From the BBC:
The general synod of the Church of England has voted narrowly against the appointment of women as bishops.
The measure was passed by the synod’s houses of bishops and clergy but was rejected by the House of Laity.
Supporters vowed to continue their campaign but it will be five years before a similar vote can be held.
Controversy had centred on the provisions for parishes opposed to women bishops to request supervision by a stand-in male bishop.
The outgoing Archbishop of Canterbury, Dr Rowan Williams, spoke of his “deep personal sadness” after the vote.
He said: “Of course I hoped and prayed that this particular business would be at another stage before I left, and course it is a personal sadness, a deep personal sadness that that is not the case.
“I can only wish the synod and the archbishop all good things and every blessing with resolving this in the shortest possible time.”
Both the archbishop and his successor, the Rt Rev Justin Welby, were in favour of a “yes” vote.
I’ve always been ambivalent about lady bishops and priests. It does seem to me though, that if one is permitted – there are women priests in the CofE – then it’s much harder to make a convincing case against the other.
I do think there is a stronger Biblical case to be made against women priests than for them, that the introduction of women priests after 2000 years of not having them, means we need a very good case for them that transcends the Zeitgeist, and the desperation with which many ladies demand ordination as their right leaves me queasily suspicious of their calling.

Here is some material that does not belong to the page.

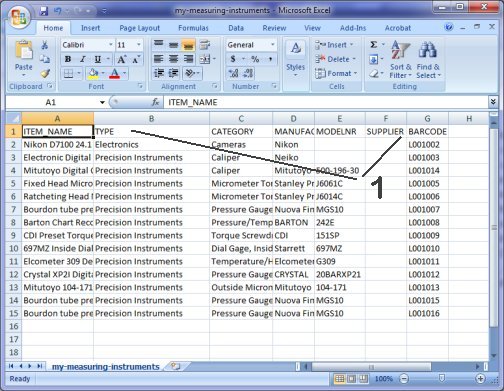 calibration management import data from spreadsheet, text file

C. S. Lewis had one of the more cogent arguments against what he called priestesses:
At this point the common sensible reformer is apt to ask why, if women can preach, they cannot do all the rest of a priest’s work. This question deepens the discomfort of my side. We begin to feel that what really divides us from our opponents is a difference between the meaning which they and we give to the word “priest”. The more they speak (and speak truly) about the competence of women in administration, their tact and sympathy as advisers, their national talent for “visiting”, the more we feel that the central thing is being forgotten. To us a priest is primarily a representative, a double representative, who represents us to God and God to us. Our very eyes teach us this in church. Sometimes the priest turns his back on us and faces the East – he speaks to God for us: sometimes he faces us and speaks to us for God. We have no objection to a woman doing the first: the whole difficulty is about the second. But why? Why should a woman not in this sense represent God? Certainly not because she is necessarily, or even probably, less holy or less charitable or stupider than a man. In that sense she may be as “God-like” as a man; and a given women much more so than a given man. The sense in which she cannot represent God will perhaps be plainer if we look at the thing the other way round.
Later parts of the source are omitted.